Fraud and risk teams face four interconnected problems: discovering suspicious structure in the identity / transaction graph, classifying accounts by behavior rules, scoring transactions as they come in, and deciding which alerts to investigate given finite human capacity. Traditionally these live in separate tools. This template shows all four working together on one semantic model in RelationalAI, wiring the Graph → Rules → Predictive → Prescriptive reasoners into a single pipeline.

Start with fraud_detection_local.py — it runs the full five-stage pipeline on a small bundled demo dataset (CPU, no external data): compute account PageRank, derive high-volume account flags, train a GNN binary classifier on the Account-Transaction graph, blend its probability with a rule-based heuristic flag, and solve a knapsack investigator-budget MILP. A few minutes end-to-end.

Adapt the pattern to your own Snowflake data using fraud_detection.py as a reference — same five stages, loaded from Snowflake and trained on GPU.

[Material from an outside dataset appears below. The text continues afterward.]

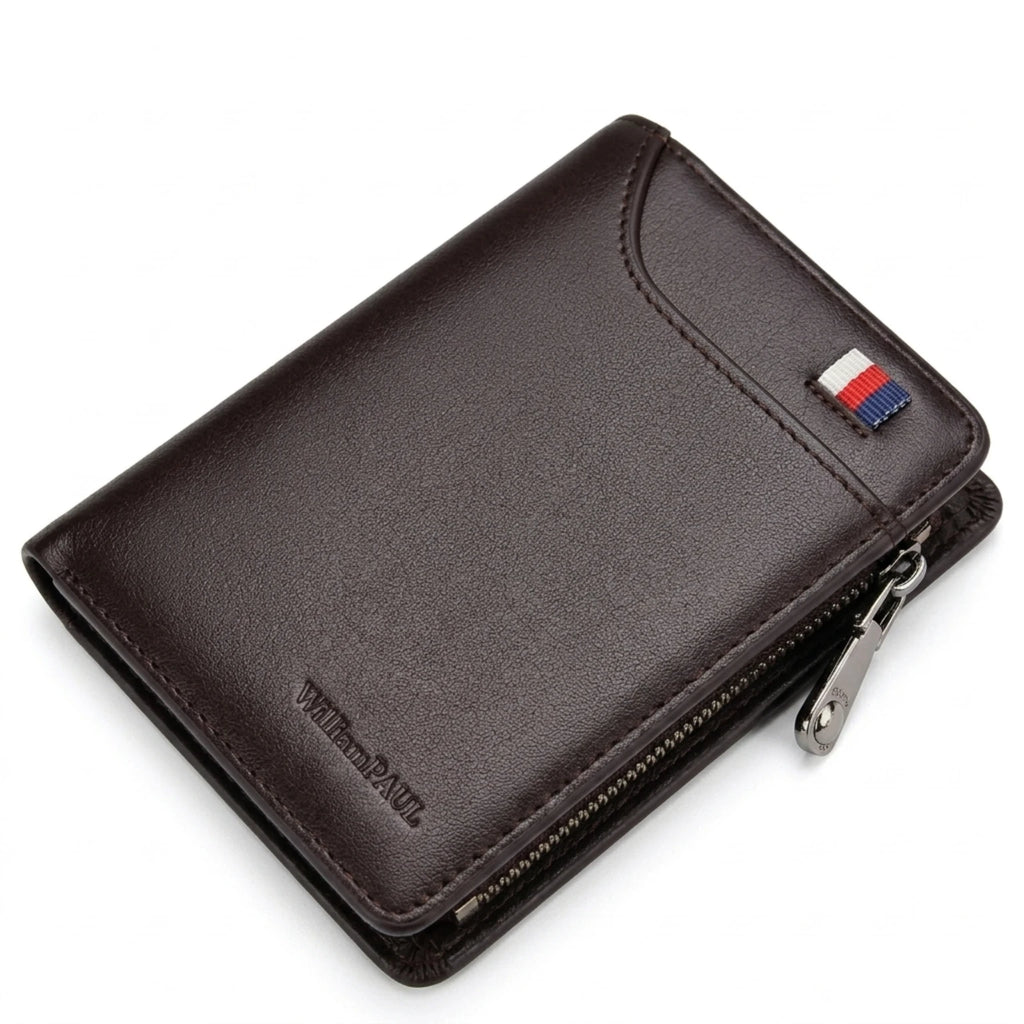Carteira Masculina Couro Bifold Monaco em couro legítimo, carteira masculina slim com acabamento premium e design sofisticado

For the older rule-based-only take (no ML), see fraud_detection_rules.ipynb — a standalone notebook using Weakly Connected Components on shared-identifier edges to flag suspicious users.

Who this is for

Data scientists building end-to-end ML-to-optimization pipelines on transaction graphs
Fraud analysts combining heuristic flags with learned signals to prioritize audits
ML engineers exploring GNN-based prediction on relational/graph data
Operations researchers interested in predict-then-optimize patterns

Assumes familiarity with Python, basic ML concepts (binary classification, ROC AUC), and mixed-integer programming.

What you’ll build

Graph: PageRank on an Account-Account funds-flow graph, exposing account centrality as a GNN feature
Rules: derived activity_count property per account, fed to the GNN as an integer feature alongside the raw transaction fields
Predictive: a GNN binary classifier on the Account-Transaction graph, predicting isFraud per transaction
Bridge: a layer combining GNN probabilities with a rule-based heuristic flag into a per-transaction alert_score
Prescriptive: a knapsack-style investigator-budget MILP that maximizes expected loss averted (alert_score × transaction_amount) subject to a fixed-hours audit budget (audit cost scales with transaction size) plus a per-receiver cap
The same five-stage pipeline running against either a bundled CSV subset (local demo) or a full Snowflake dataset (reference path)

What’s included

Runners:
- fraud_detection_local.py — primary, runnable out of the box. Runs all five stages (Graph / Rules / Predictive / Bridge / Prescriptive) end-to-end on the bundled demo CSVs.
- fraud_detection.py — reference pattern for adapting the pipeline to your own Snowflake data. Same five stages, GPU-trained.
- fraud_detection_rules.ipynb — original rule-based identity-graph notebook, kept as a complementary intro.
Model: Account, Transaction, plus two graphs (Account-Account for PageRank; Transaction-to-Account for the GNN), derived account properties, and the alert-score bridge
Sample data: a small class-balanced transactions subset sampled from a public mobile-money dataset (CC BY-SA 4.0) — see Sample data below for details and attribution
Outputs: class-balance profile, GNN ROC-AUC, top-K alert queue, optimal audit schedule, MILP-vs-naive uplift

Prerequisites

Access

To run the local demo (fraud_detection_local.py) you need any Snowflake account with the RAI Native App. No external data, no GPU. The bundled CSVs under data/paysim_mini/ ship with the template; the GNN trains on CPU in a few minutes.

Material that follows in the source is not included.